§ PROBLEM TO WORK ON
A faithful, picture-free copy of the listing below is required.

§ INPUT RECORDS

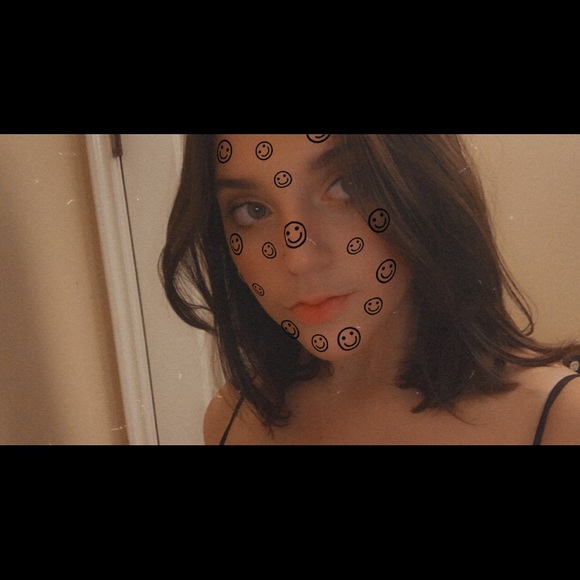 Profile Picture of Julianna Dunham (@julianna_dunham) on Poshmark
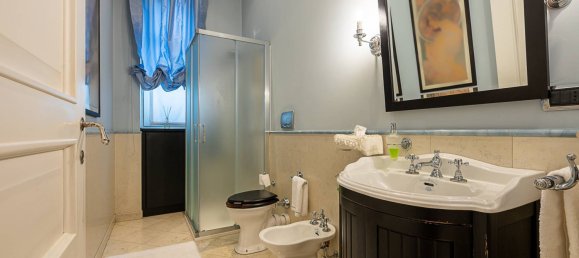 3 bedrooms Apartment in Turin, Italy No. 312838 14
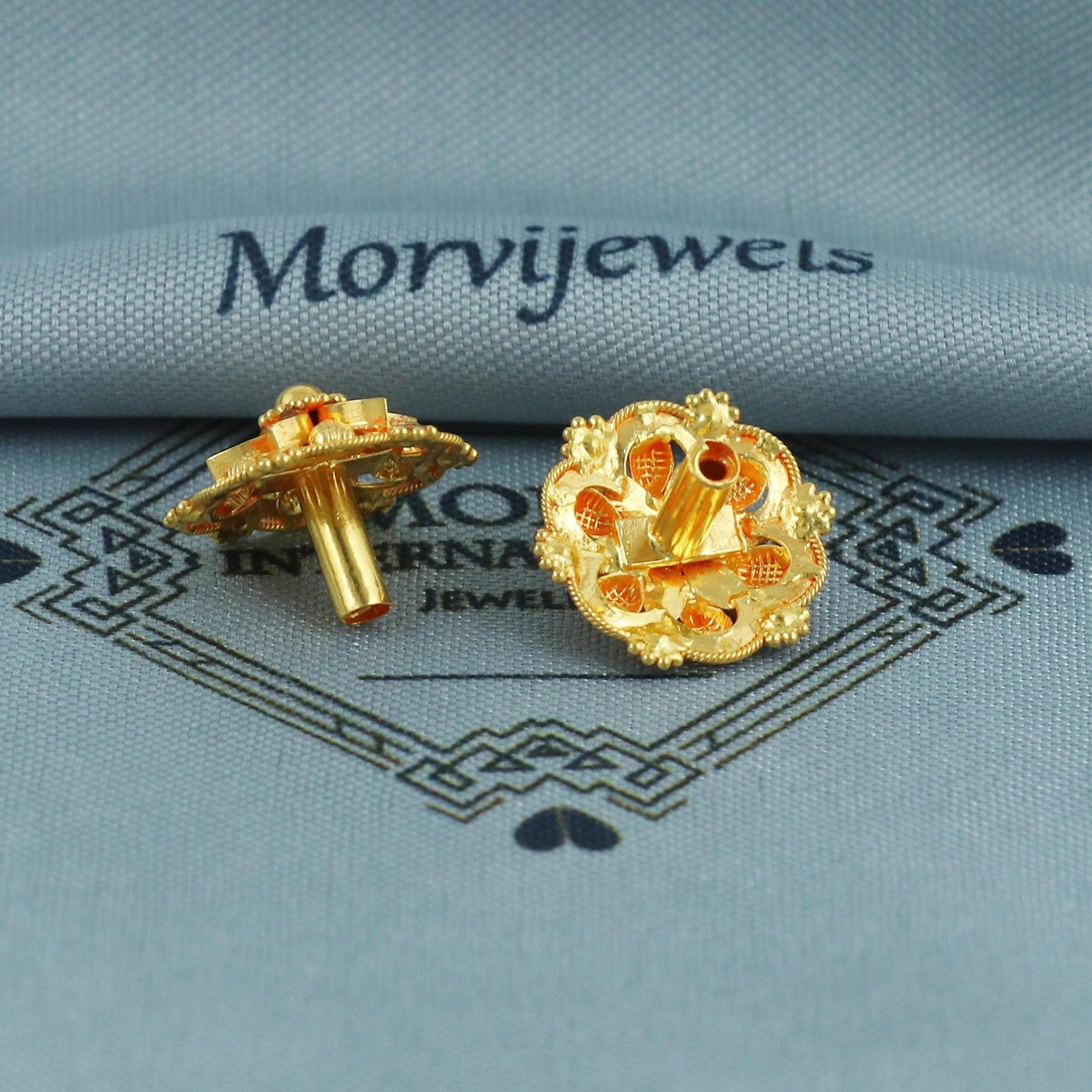 22kt 22k solid gold stud indian earrings for women, K5675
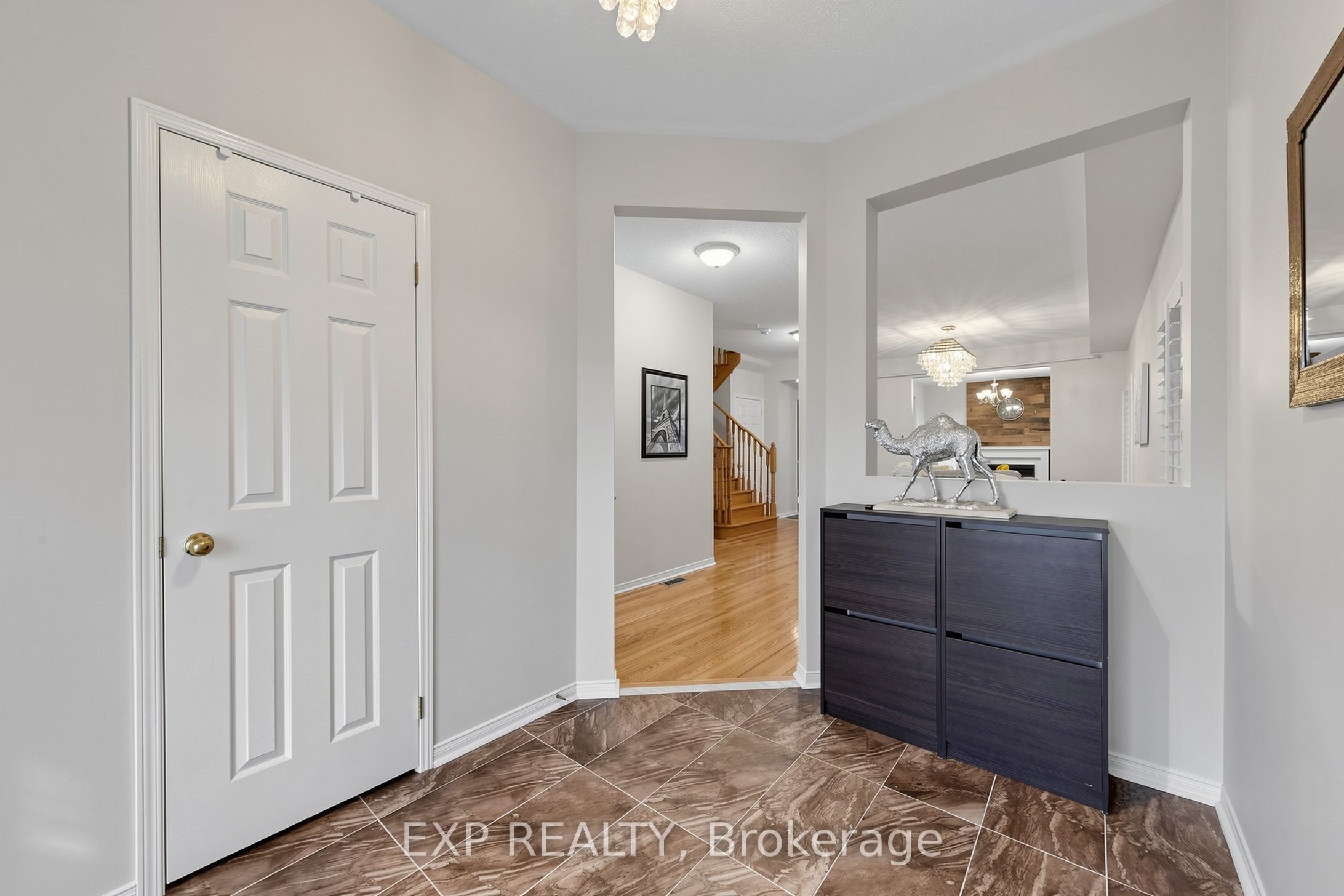 Photo 5 of 101 Cookview Drive, Brampton, Sandringham-Wellington — HOMEH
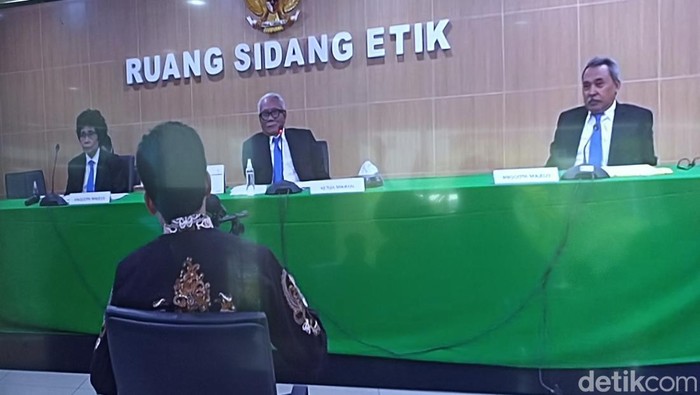 Sidang Putusan Etik Chat Johanis Tanak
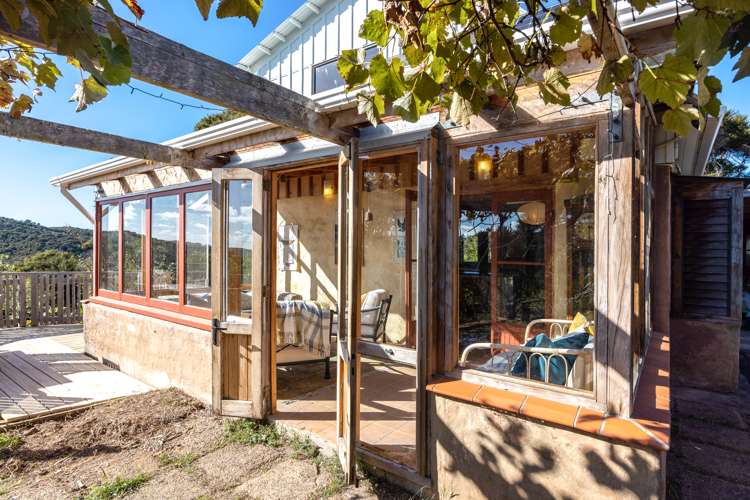 175 Orapiu Road Waiheke Island_2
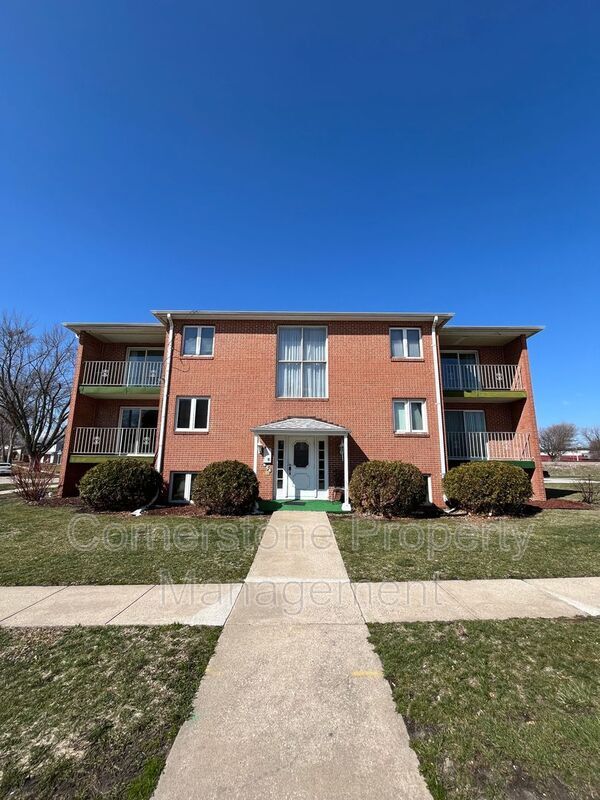 Primary Photo - 454 N 27th St
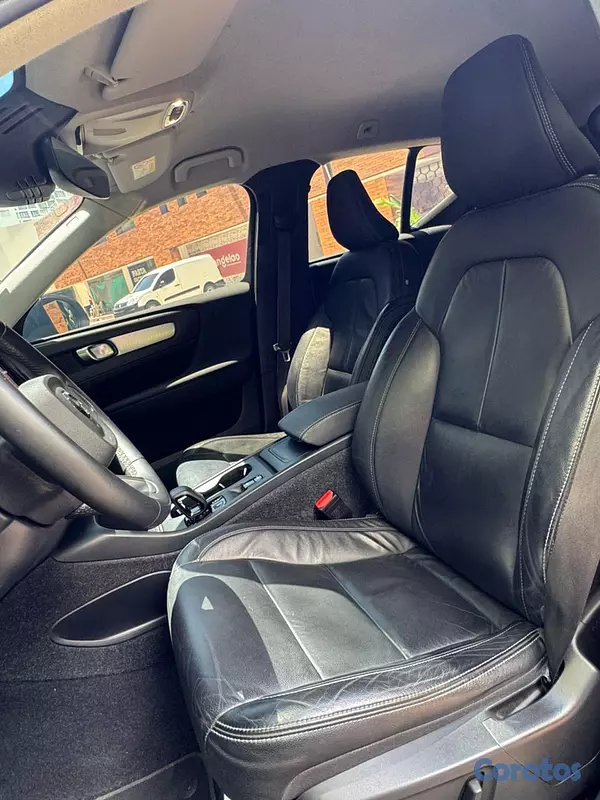 jeepetas y camionetas - Volvo XC40 Momentum 2022 10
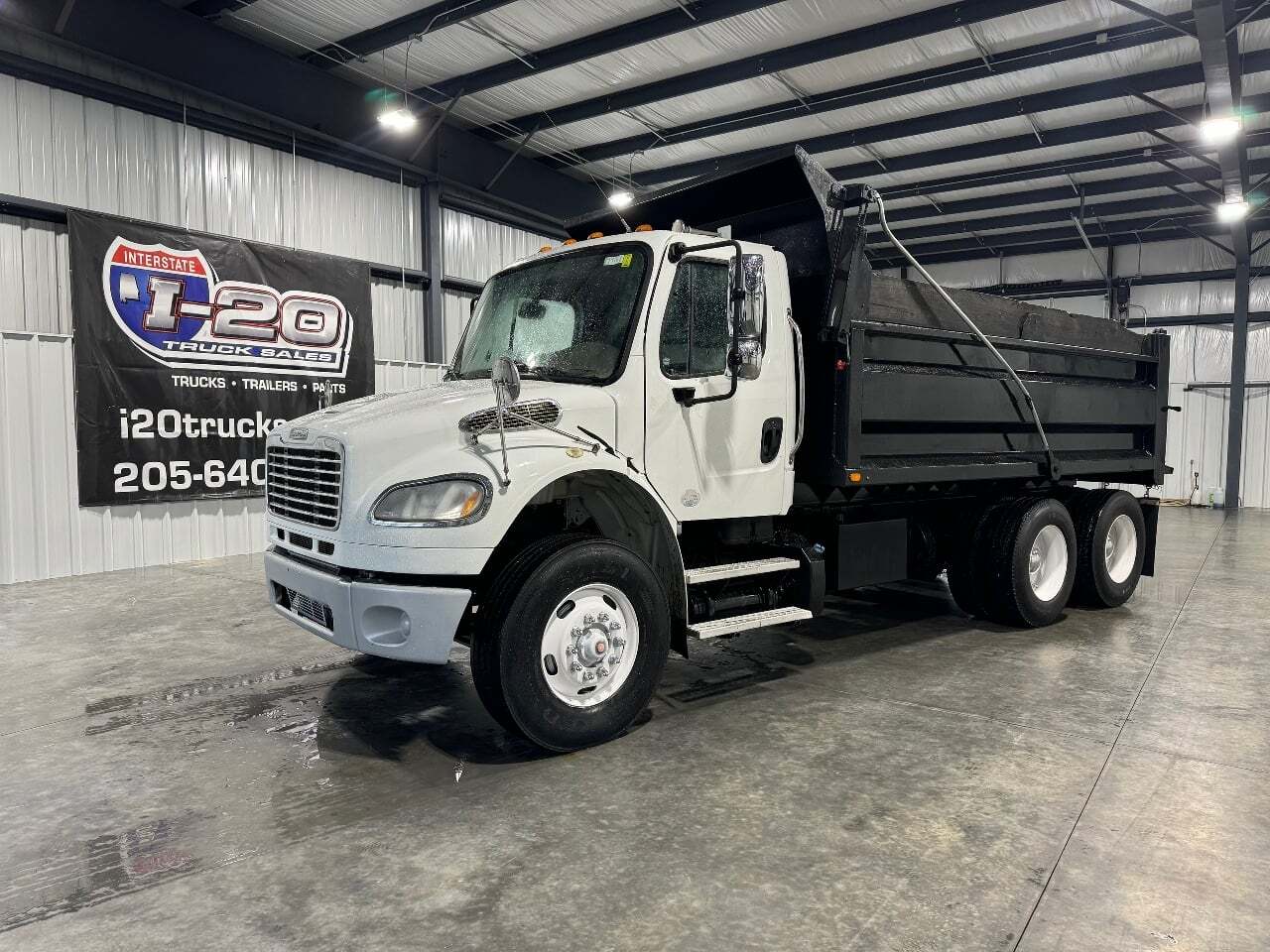 2016 FREIGHTLINER M2 106 in Pell City, AL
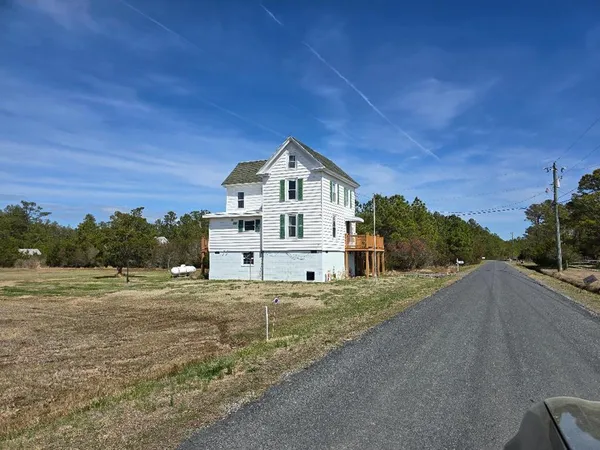 $225,000 | 29496 Killmon Lane, Hacksneck, VA 23358
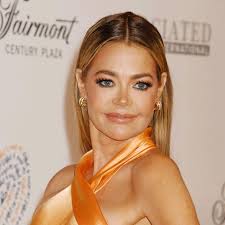 Designers are in awe of Denise Richards' lush backyard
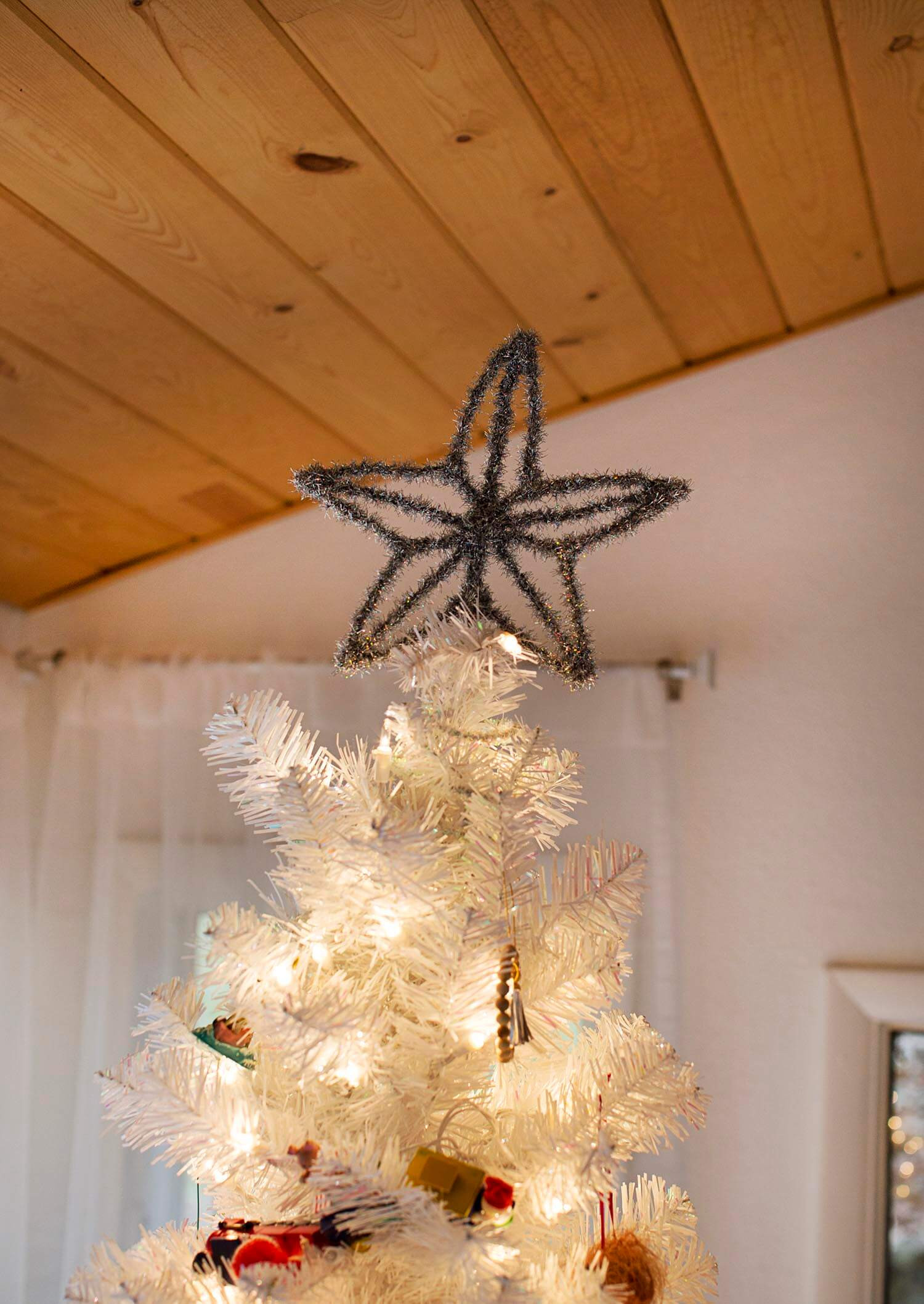 Christmas Tree Topper DIY
 Easy DIY Christmas Tree Toppers – A Beautiful Mess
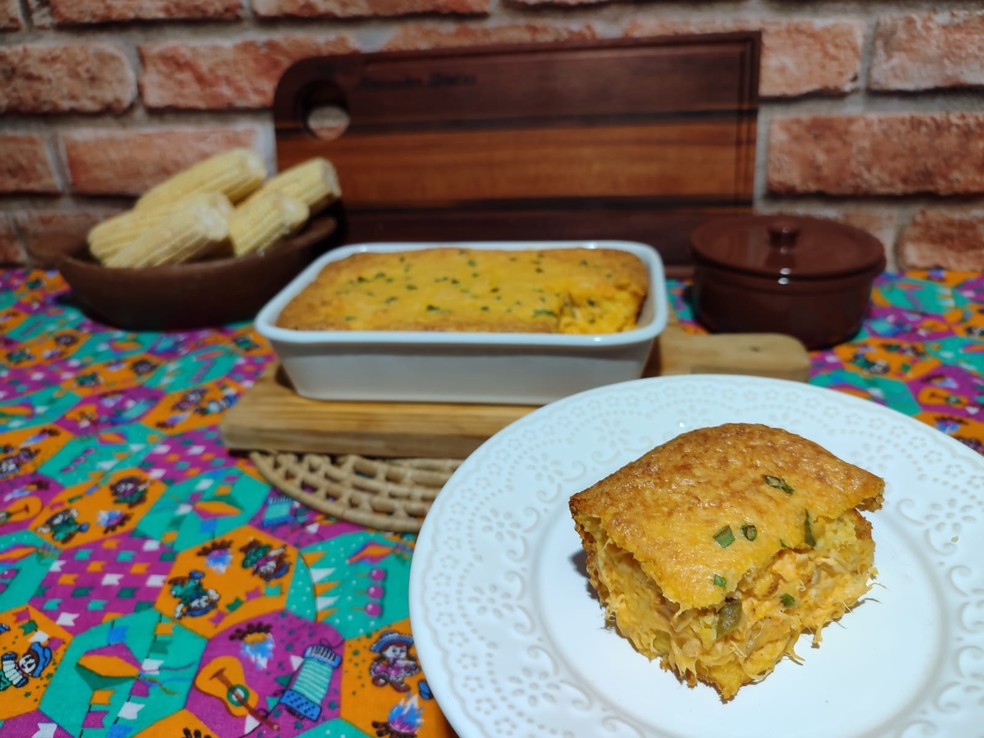 Aprenda como preparar uma torta de milho com frango — Foto: Inter TV Costa Branca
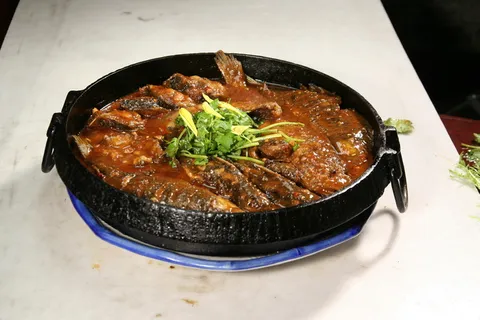 30干锅全鱼 乡村小镇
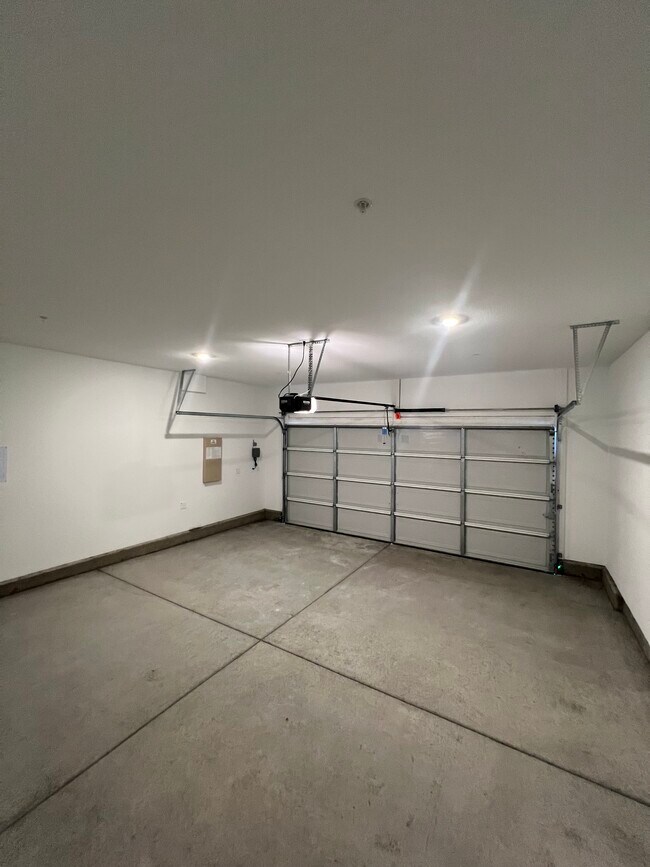Building Photo - 1260 Arriaga Wy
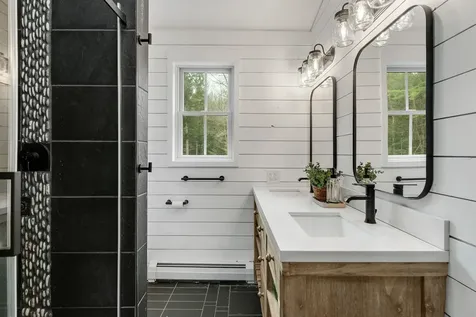 163 E Countryside Road Waterbury VT 05676-4491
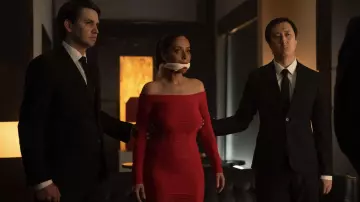 Balmain Robe côtelée en maille côtelée en rouge portée par Hailey Winton (Meta Golding) dans Rabbit Hole (S01E04)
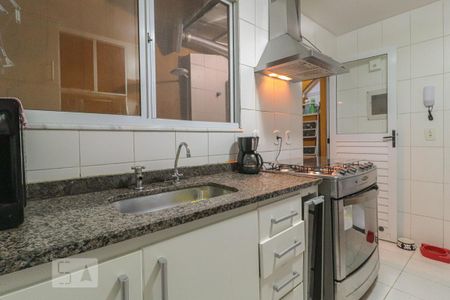 Cozinha de casa de condomínio para alugar com 3 quartos, 94m² em Tanque, Rio de Janeiro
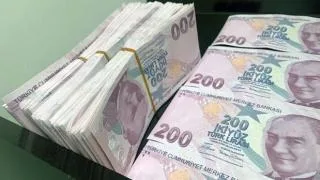 Bir işletmenin siparişten tahsilata kadar nakit akışı döngüsünü gösteren grafik, erken finansman ihtiyacını vurgulayan veri...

§ SOLUTION TO THIS EXERCISE
 Profile Picture of Julianna Dunham (@julianna_dunham) on Poshmark
 3 bedrooms Apartment in Turin, Italy No. 312838 14
 22kt 22k solid gold stud indian earrings for women, K5675
 Photo 5 of 101 Cookview Drive, Brampton, Sandringham-Wellington — HOMEH
 Sidang Putusan Etik Chat Johanis Tanak
 175 Orapiu Road Waiheke Island_2
 Primary Photo - 454 N 27th St
 jeepetas y camionetas - Volvo XC40 Momentum 2022 10
 2016 FREIGHTLINER M2 106 in Pell City, AL
 $225,000 | 29496 Killmon Lane, Hacksneck, VA 23358
 Designers are in awe of Denise Richards' lush backyard
 Christmas Tree Topper DIY
 Easy DIY Christmas Tree Toppers – A Beautiful Mess
 Aprenda como preparar uma torta de milho com frango — Foto: Inter TV Costa Branca
 30干锅全鱼 乡村小镇
Building Photo - 1260 Arriaga Wy
 163 E Countryside Road Waterbury VT 05676-4491
 Balmain Robe côtelée en maille côtelée en rouge portée par Hailey Winton (Meta Golding) dans Rabbit Hole (S01E04)
 Cozinha de casa de condomínio para alugar com 3 quartos, 94m² em Tanque, Rio de Janeiro
 Bir işletmenin siparişten tahsilata kadar nakit akışı döngüsünü gösteren grafik, erken finansman ihtiyacını vurgulayan veri...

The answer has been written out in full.